Investors with an interest in Financial - Consumer Loans stocks have likely encountered both Lexinfintech Holdings (LX - Free Report) and First Cash Financial Services (FCFS - Free Report) . But which of these two stocks presents investors with the better value opportunity right now? Let's take a closer look.
There are plenty of strategies for discovering value stocks, but we have found that pairing a strong Zacks Rank with an impressive grade in the Value category of our Style Scores system produces the best returns. The Zacks Rank favors stocks with strong earnings estimate revision trends, and our Style Scores highlight companies with specific traits.
Right now, Lexinfintech Holdings is sporting a Zacks Rank of #2 (Buy), while First Cash Financial Services has a Zacks Rank of #3 (Hold).
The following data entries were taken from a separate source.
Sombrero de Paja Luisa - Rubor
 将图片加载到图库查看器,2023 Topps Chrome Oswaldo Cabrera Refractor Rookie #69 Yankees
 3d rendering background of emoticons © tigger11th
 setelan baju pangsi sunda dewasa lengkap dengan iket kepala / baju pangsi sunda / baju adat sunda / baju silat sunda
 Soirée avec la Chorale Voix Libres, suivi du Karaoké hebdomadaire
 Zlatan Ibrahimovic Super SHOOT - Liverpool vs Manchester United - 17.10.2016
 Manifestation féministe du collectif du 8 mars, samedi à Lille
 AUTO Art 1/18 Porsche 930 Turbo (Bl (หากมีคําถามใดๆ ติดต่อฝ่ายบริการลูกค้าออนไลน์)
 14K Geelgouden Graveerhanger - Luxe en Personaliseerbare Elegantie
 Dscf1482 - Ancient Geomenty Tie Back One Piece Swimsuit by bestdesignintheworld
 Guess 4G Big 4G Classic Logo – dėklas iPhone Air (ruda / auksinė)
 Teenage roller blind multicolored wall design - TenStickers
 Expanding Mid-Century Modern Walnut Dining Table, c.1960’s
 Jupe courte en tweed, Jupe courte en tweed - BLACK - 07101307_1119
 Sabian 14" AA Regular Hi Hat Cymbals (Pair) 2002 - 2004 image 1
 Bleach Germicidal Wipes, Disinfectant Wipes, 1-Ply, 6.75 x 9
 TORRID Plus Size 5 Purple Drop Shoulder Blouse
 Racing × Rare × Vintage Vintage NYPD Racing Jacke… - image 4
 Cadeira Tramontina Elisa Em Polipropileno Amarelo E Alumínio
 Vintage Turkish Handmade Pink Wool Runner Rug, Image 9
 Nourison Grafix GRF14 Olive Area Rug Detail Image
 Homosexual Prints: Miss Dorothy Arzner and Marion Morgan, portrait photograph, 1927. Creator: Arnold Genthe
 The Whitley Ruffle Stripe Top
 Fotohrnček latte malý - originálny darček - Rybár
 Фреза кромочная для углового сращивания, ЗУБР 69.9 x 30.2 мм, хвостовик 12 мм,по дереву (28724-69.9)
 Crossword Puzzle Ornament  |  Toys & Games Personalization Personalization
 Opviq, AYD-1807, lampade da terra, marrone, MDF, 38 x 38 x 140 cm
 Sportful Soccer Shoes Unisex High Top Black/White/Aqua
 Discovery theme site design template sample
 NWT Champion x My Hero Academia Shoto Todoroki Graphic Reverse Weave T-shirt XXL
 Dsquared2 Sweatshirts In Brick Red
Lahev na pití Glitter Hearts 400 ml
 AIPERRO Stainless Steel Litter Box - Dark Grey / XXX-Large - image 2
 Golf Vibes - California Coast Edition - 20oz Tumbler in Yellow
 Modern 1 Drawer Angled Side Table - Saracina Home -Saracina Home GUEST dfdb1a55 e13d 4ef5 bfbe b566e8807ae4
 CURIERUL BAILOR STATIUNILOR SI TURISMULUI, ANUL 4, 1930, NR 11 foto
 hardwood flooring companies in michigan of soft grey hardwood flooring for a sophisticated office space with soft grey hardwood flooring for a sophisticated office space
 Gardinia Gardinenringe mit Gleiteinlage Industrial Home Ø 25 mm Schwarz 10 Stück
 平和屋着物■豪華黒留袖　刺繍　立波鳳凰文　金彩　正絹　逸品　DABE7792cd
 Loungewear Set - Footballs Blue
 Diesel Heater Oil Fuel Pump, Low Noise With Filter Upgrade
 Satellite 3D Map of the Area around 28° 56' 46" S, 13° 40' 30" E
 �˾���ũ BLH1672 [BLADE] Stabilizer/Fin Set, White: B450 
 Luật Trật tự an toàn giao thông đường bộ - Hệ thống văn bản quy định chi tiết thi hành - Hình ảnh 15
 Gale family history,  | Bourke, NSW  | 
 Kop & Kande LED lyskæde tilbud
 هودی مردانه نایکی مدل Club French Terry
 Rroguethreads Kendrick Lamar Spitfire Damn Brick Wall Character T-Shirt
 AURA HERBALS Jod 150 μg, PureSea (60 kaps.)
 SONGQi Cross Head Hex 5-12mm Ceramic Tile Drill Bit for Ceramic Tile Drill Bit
This means that LX's earnings estimate revision activity has been more impressive, so investors should feel comfortable with its improving analyst outlook. However, value investors will care about much more than just this.
Value investors also tend to look at a number of traditional, tried-and-true figures to help them find stocks that they believe are undervalued at their current share price levels.
The Style Score Value grade factors in a variety of key fundamental metrics, including the popular P/E ratio, P/S ratio, earnings yield, cash flow per share, and a number of other key stats that are commonly used by value investors.
LX currently has a forward P/E ratio of 5.04, while FCFS has a forward P/E of 22.97. We also note that LX has a PEG ratio of 0.37. This metric is used similarly to the famous P/E ratio, but the PEG ratio also takes into account the stock's expected earnings growth rate. FCFS currently has a PEG ratio of 1.53.
Another notable valuation metric for LX is its P/B ratio of 2.03. The P/B is a method of comparing a stock's market value to its book value, which is defined as total assets minus total liabilities. By comparison, FCFS has a P/B of 2.90.
These metrics, and several others, help LX earn a Value grade of A, while FCFS has been given a Value grade of C.
LX has seen stronger estimate revision activity and sports more attractive valuation metrics than FCFS, so it seems like value investors will conclude that LX is the superior option right now.